Record excerpts:

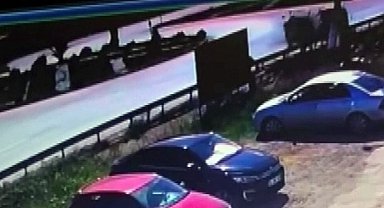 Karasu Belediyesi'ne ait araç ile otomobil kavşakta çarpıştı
...
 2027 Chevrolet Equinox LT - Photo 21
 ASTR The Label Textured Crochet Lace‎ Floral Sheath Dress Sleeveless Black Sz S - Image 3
==
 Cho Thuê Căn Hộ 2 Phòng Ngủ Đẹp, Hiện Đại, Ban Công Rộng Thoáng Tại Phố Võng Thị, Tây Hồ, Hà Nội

Exercise requirements:
In the listing above, find the line with "2027 Chevrolet Equinox LT - Photo 21" and the line with "ASTR The Label"; set down exactly those two lines and every line between them, nothing more.

Response:
 2027 Chevrolet Equinox LT - Photo 21
 ASTR The Label Textured Crochet Lace‎ Floral Sheath Dress Sleeveless Black Sz S - Image 3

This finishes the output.